Finally ESS makes sense

Yeah, I don’t even know what ESS is. I guess CCP will make some official (non-Twitter) announcement eventually.

As I understand it, current ESS (Encounter Surveillance System) functionality is a Nullsec-only deployable for garnishing bounties in a system - the ESS generates bonus faction LP while ratting and eventually increases gross bounties to as much as 105% over time. It’s voluntary increase of risk to also get an increased reward, as the ESS can be accessed by anyone, not just the person who deployed it; accessing players can either claim all rewards, or share them among the players who generated them.

Dev Blog 2014-01-14: MORE DEPLOYABLES FROM SUPER FRIENDS

Money for Pirates, ISK for Free

Now for the new deployable. The collective term is Encounter Surveillance System, or ESS. Let’s start with a quick tl;dr version, refer to the rest of the text for further details. After 1.1, players receive 95% of a bounty income in Null Sec. An active ESS in a system changes the direct payout value to 80%, but further 20% is stored in a system-wide pool that can be accessed through the ESS. This additional bounty payment can rise to 25% over time. So post-1.1, players have the choice to either skip using an ESS and get 95% bounty value, or use ESS and generate 100% up to 105% of bounty value, but have a portion of it be at risk.

EVE Uni article about ESS.

Description for Amarr ESS from EVEInfo:

The Encounter Surveillance System can be deployed in any system outside empire jurisdiction. It monitors encounters in the system, allowing the Amarr Empire to supplement the rewards for killing a wanted pirate.

With an active ESS in a system the bounty payout values change and a Loyalty Point payout is added. 80% of bounty is paid directly, with 20% being added to a system-wide pool that can be accessed through the ESS. The 20% can rise up to 25% over time, putting the total bounty payout at 5% above base value. The bonus payout resets to 20% if the ESS is accessed, destroyed or scooped up. For each 1000 ISK in bounties, 0.15 LPs are added. This can rise up to 0.2 LPs over time.

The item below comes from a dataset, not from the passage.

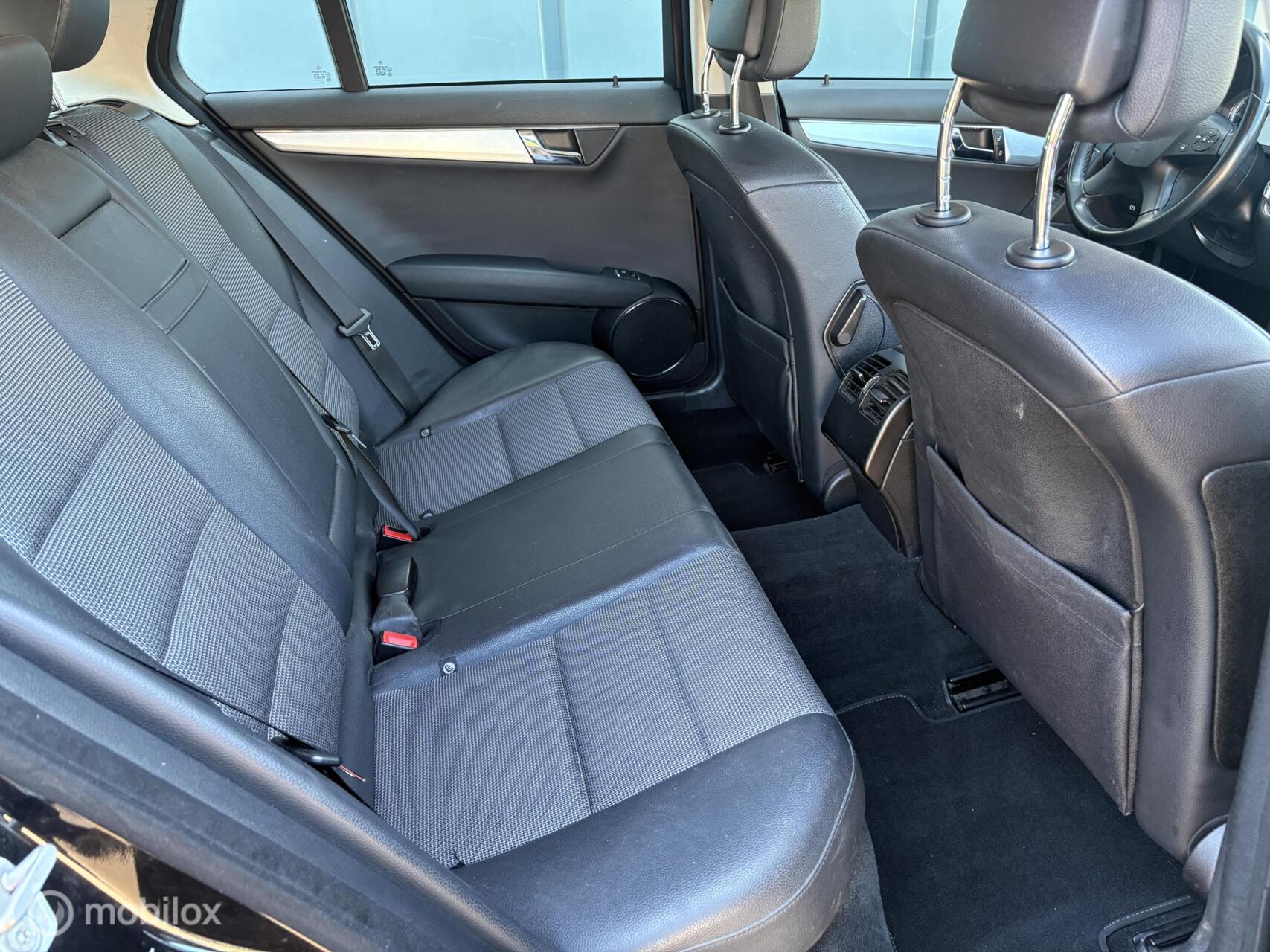Foto van Mercedes-Benz C 280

As with any deployable, the ESS is at risk of being attacked by other players, meaning ratters who choose to deploy an ESS have to also protect it somehow if they want to keep the bonuses running, and to avoid it being looted by third parties. Historically, there have been a LOT of issues with ESS being deployed in problematic places (such as in range of POS guns) that have made them incredibly difficult to actually raid/attack, to the point that they got patched a lot, and there are declared exploits around certain anchoring behaviors. All in all, CCP feels they are underutilized due to the struggle small groups have with protecting them (since small groups usually aren’t able to field all of the defenses a larger group will, leading to them being a ‘wealthy players get more wealth’ object), and the social conflict between players who are working together and want to cash out or NOT cash out due to the spool up mechanic on bonuses.

The upcoming change sounds like it will convert ESS from an optional player deployable to a fixed object in each Nullsec system - players no longer have to spend over 25m isk to get one, and it can no longer be destroyed (it’s a permanent structure). it’s going to be behind an A-gate that restricts ship types (medium and large only - possible future expansion to small ships following CSM discussion, as combat ships only but not able to access the unit itself); within the pocket there is a 75km (subject to revision) bubble with severely limited navigation abilities (no warp, cyno, MWD, MJD) and no cloaking or filament use allowed. The ESS will now automatically payout to contributing players at a set interval - between cash outs, it is at risk for attack to be looted.

Specifics are TBD and will be addressed in the same dev blog as the bounty system change, since they are directly tied to each other.